Here's John Crace's Digested Reads version from the Guardian. My even more digested version is: did I enjoy it? Yes, very much. I think Fowles is a novelist who, a bit like Lawrence Durrell, has waned a bit in critical regard in recent years, and I should point out this is the only thing of his I've ever read, but I thought it was excellent, very easy to read, and the metafictional dicking about was at levels that were acceptable to me, and telegraphed early enough that the rug-pull at the end wasn't that much of a surprise.
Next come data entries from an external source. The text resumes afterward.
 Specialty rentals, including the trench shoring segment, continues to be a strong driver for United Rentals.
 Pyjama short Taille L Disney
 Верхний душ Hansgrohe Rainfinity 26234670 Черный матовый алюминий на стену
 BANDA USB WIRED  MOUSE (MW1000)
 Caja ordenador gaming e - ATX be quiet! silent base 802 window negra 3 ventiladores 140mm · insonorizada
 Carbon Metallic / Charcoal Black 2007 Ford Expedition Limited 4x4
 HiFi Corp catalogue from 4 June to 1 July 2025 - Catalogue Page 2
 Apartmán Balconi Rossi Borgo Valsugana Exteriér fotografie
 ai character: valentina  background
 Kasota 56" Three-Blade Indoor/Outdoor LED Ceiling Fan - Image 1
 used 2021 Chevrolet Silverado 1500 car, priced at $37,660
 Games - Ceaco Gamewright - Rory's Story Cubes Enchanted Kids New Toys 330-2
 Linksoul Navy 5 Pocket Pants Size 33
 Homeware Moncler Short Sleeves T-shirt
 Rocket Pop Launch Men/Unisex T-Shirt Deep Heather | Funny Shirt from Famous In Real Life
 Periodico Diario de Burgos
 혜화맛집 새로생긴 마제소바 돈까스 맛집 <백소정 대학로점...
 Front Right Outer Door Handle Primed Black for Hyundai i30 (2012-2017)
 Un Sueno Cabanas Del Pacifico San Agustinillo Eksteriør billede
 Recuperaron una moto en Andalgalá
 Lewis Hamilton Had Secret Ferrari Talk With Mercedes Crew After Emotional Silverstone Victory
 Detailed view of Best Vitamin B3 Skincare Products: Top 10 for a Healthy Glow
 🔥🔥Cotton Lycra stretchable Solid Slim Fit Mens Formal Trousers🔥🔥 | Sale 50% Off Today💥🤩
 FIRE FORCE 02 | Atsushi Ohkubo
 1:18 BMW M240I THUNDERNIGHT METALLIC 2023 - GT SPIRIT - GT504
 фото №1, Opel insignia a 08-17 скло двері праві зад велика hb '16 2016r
The French Lieutenant's Woman is as famous these days for its 1981 film adaptation starring Jeremy Irons and Meryl Streep, in, respectively, some extraordinary sideburns and a terrifying wig. I saw it a very long time ago, but it's only on reading the source novel that I appreciate the brilliance of the device that Harold Pinter came up with to convey the famous split ending: have an extra narrative involving the actors playing the characters in the film and give them and the "real" characters one ending each.

It's also another entry on the list of novels featured in the TIME magazine list of best 20th-century novels.